1981: an overview

Political scene


Ukrainians continued to make their concerns known on all levels of government and politics, and apparently they were heard as seen from the following.

On March 12, 68 congressmen signed a letter to Soviet Ambassador Anatoly Dobrynin initiated by New Jersey Rep. Millicent Fenwick in which they called for the immediate release of Mykola Rudenko, the first chairman of the Ukrainian Helsinki Group.

In the spring, the Ad Hoc Committee on the Baltic States and Ukraine was formed by a group of congressmen who identify with issues of concern to the Baltic and Ukrainian communities.

On September 21, the House of Representatives passed three separate resolutions urging intervention of the U.S. government in the cases of Ukrainians Yuriy Shukhevych and Yuriy Badzio, and Jew Anatoly Shcharansky.

On November 16, the Congressional Helsinki Commission (CSCE) heard testimony by Gen. Petro Grigorenko, Nina Strokata and Volodymyr Malynkovych at a special hearing held on the occasion of the fifth anniversary of the Ukrainiasian Yuriy Orlov. The anniversary observances continued the next day with a special order of the House sponsored by Pennsylvania Rep. Charles Dougherty, and at a reception in tribute to the 37 members of the Kiev group.

Later in November, over 100 U.S. senators and representatives joined Rep. Fenwick in a letter of protest to Mr. Dobrynin. The topic: Soviet persecution ot Ukrainian Helsinki monitors.

By the end of 1981, over 60 congressmen had joined New Jersey Reps. Bernard Dwyer and Christopher Smith as co-sponsors of House Concurrent Resolution 205 which calls on President Ronald Reagan to proclaim a day in honor of the Ukrainian Helsinki Group and seek the release of its members.

In state politics, New Jersey Ukrainians and other ethnics made their mark. As Republican Tom Kean and Democrat James Florio scrambled for the ethnic vote in the squeaker of a gubernatorial election, the state's party platforms recognized ethnic concerns.

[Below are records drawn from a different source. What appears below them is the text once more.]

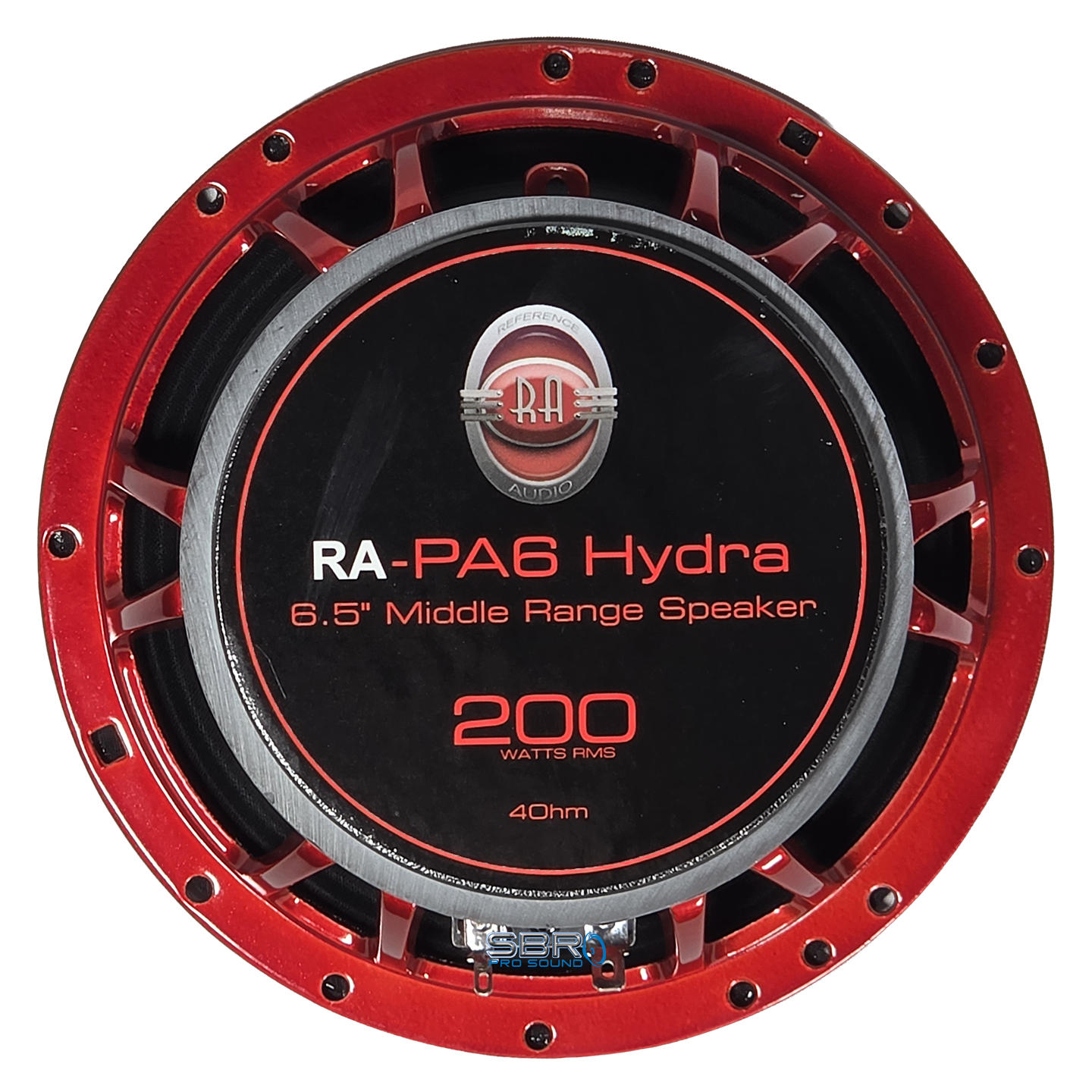 5Cディスペクター Reference Audio PA6 Hydra 6.5” Pro Midrange Speaker – 200W RMS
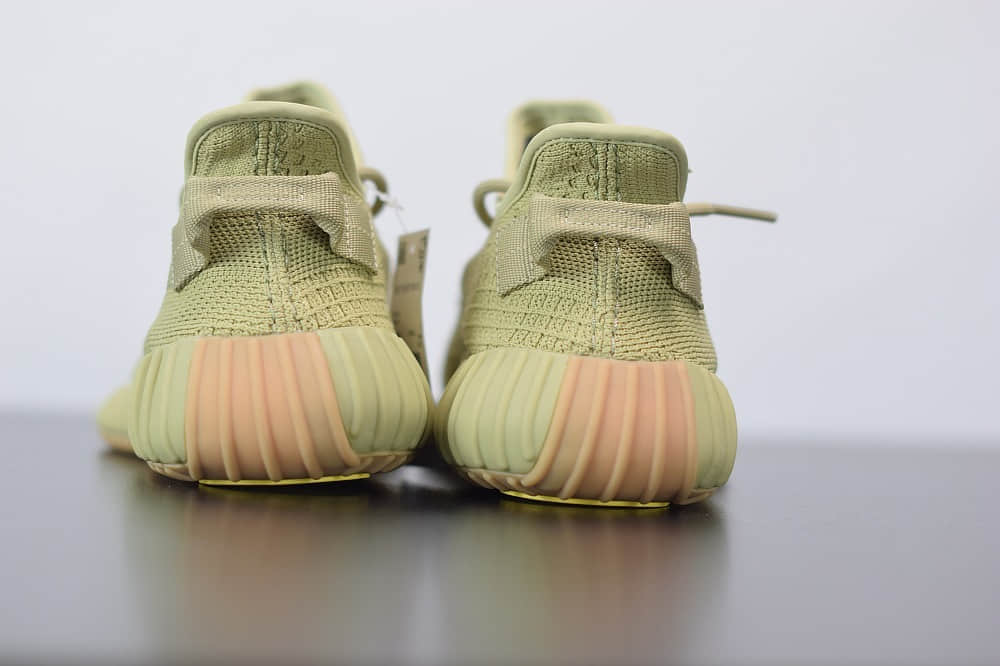 阿迪达斯adidas Yeezy Boost 350 V2硫磺抹茶绿爆米花休闲慢跑鞋纯原版本 货号：FY5346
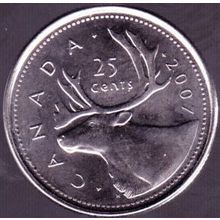 2007 Canada 25 Cents Coin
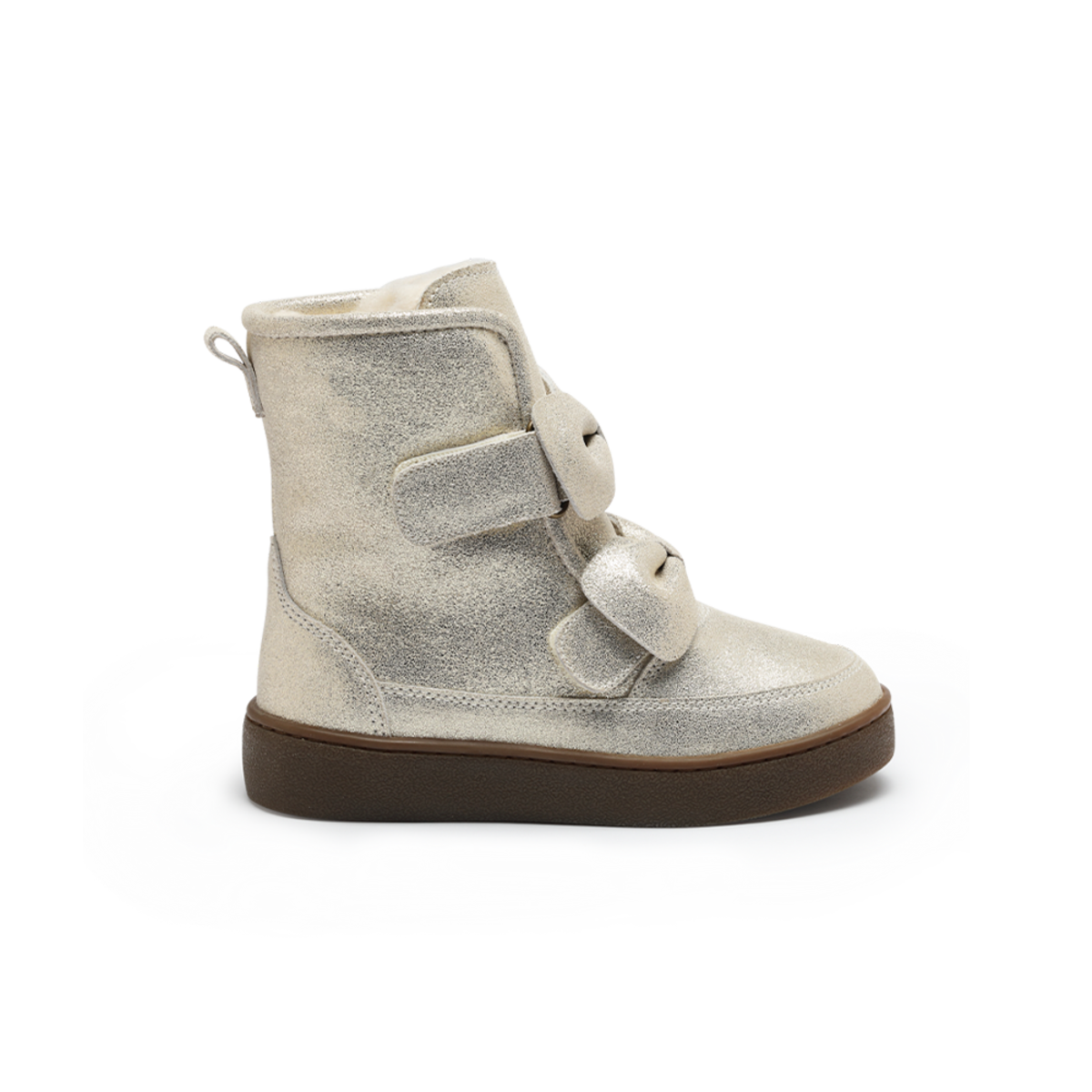 KIDS Donsje Isa Exclusive Boots Kids Boots - Silver Metallic Leather - Image 5 of 6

The Democrats pledged to be "sensitive to the differing cultures and languages which must be taken into consideration in the provision of services to the people of New Jersey," to strengthen the ethnic advisory council and to continue to plan and develop the activities of the New Jersey Ethnic Center.

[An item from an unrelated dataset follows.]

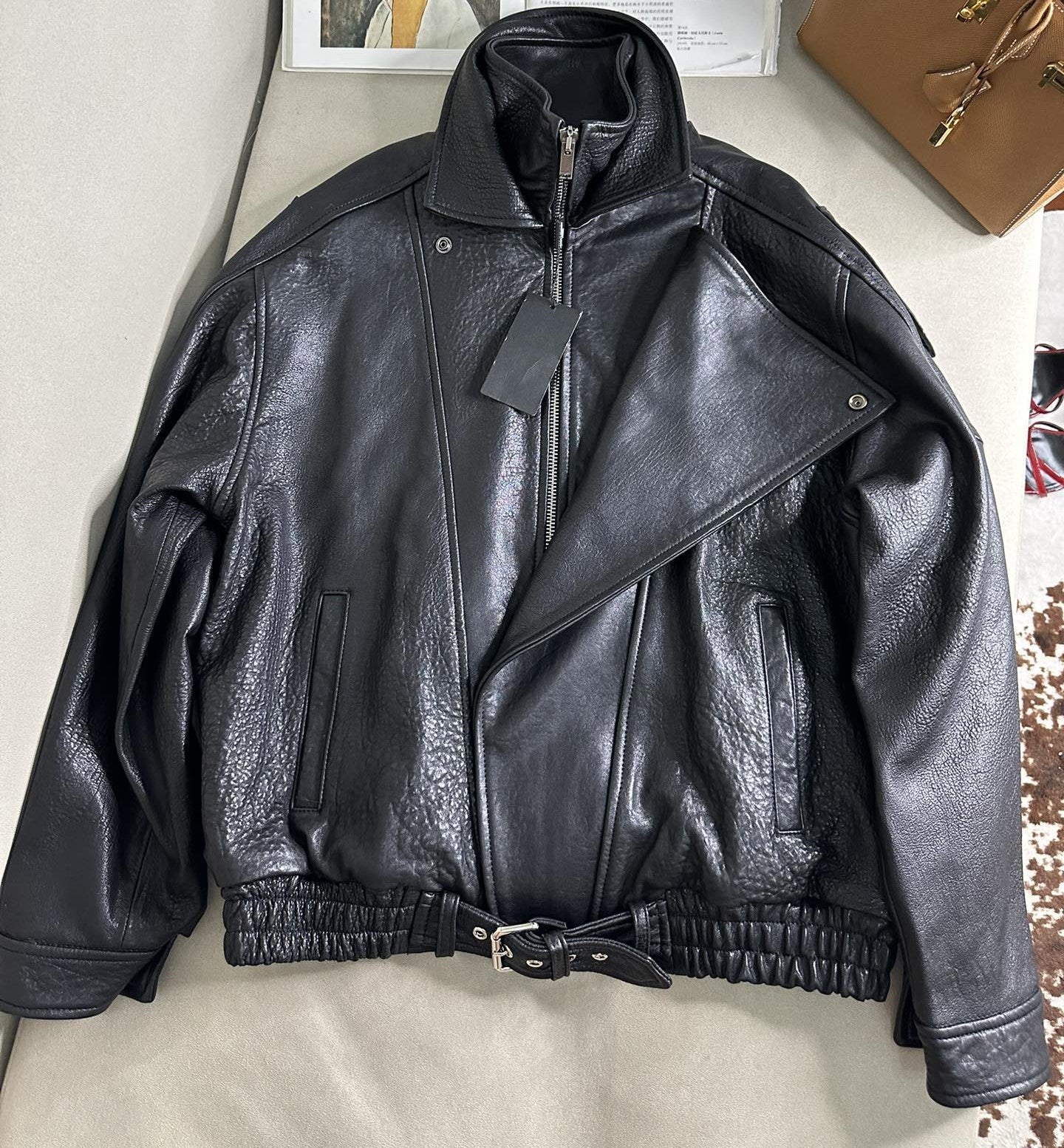 Top quality leather jacket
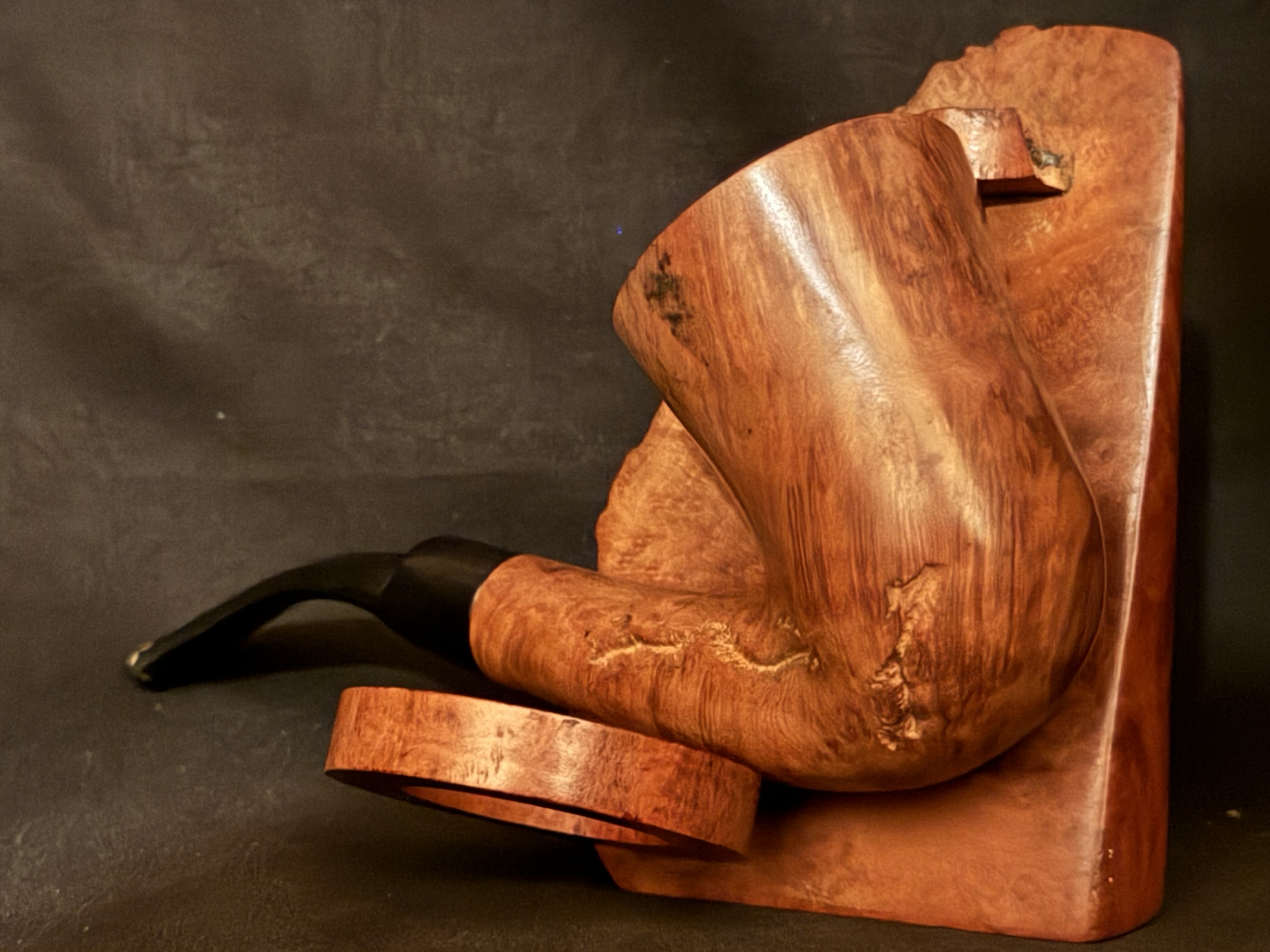 Cellini Original Smooth Bent Calabash Vulcanite Estate Pipe 5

The Republicans came out in support of "review by educators of historical texts and curricula with the aim of improving the accuracy with which peoples of foreign lands are described and depicted."

Ukrainians and other ethnics were concerned about the new Reagan administration's policies. Ethnics expressed their disenchantment with the administration's lack of responsiveness to ethnics and pointed to the fact that an office of ethnic affairs like the one that had existed under Presidents Jimmy Carter and Gerald Ford, had not been set up. In its stead, the Reagan administration tapped Jack Burgess, who holds the position of special assistant to the president - office of public liaison, to serve also as "liaison to the ethnic and Catholic communities."

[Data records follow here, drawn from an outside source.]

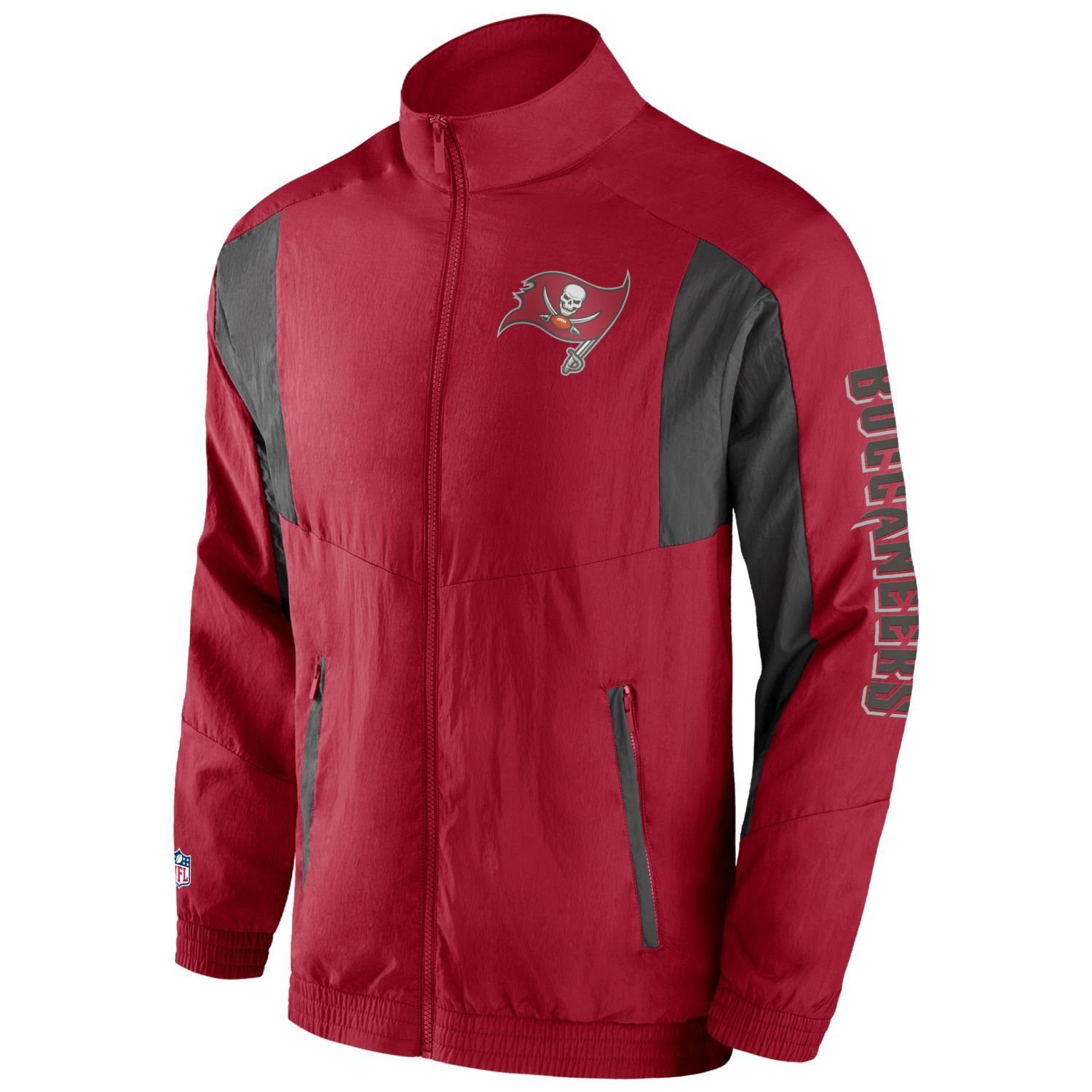 Fanatics Windbreaker Tampa Bay Buccaneers Foundation Crinkle Track Jack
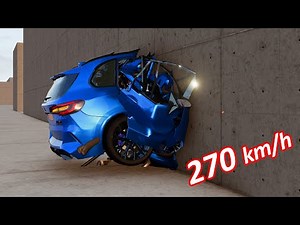 BMW X5 M vs Wall 300 KM/H - BeamNG Drive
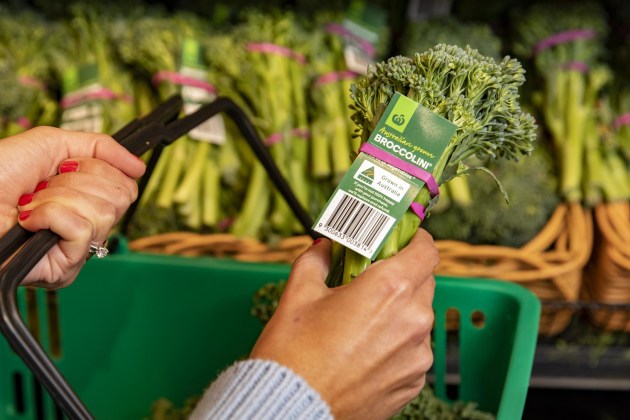 A switch from plastic to paper tags on broccolini has seen a reduction of 19 tons of plastic material usage.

An assistant secretary of state for human rights and humanitarian affairs was finally named and confirmed in mid-November in the person of Elliot Abrams.

The previous nominee, Ernest Lefever had been forced to withdraw his name from consideration after the Senate Foreign Relations Committee in June voted 13-4 against Dr. Lefever because of his controversial writings, some of which advocated dumping human-rights laws.

Talk then began of reorganization, and of changing the rights bureau's name and functions; some administration officials even said that the position might be scrapped altogether.

But, human rights concerns, thanks to the furor raised by human rights groups and ethnics, prevailed and the was post was filled.